TASK PROMPT :: From the entries below, copy out every line with "Print" in it.
--- START ---
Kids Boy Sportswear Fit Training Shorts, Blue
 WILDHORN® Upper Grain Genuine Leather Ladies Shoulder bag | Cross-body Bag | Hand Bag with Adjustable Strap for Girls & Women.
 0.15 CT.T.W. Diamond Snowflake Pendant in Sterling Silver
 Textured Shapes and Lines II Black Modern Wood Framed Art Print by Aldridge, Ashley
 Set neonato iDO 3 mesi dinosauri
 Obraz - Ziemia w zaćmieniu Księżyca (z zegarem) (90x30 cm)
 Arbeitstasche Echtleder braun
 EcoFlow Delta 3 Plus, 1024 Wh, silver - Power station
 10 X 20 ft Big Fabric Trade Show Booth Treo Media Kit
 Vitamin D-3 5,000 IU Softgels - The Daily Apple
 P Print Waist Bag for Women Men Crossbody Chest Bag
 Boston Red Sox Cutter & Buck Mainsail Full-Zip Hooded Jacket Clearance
--- END ---
TASK RESPONSE ::
 Textured Shapes and Lines II Black Modern Wood Framed Art Print by Aldridge, Ashley
 P Print Waist Bag for Women Men Crossbody Chest Bag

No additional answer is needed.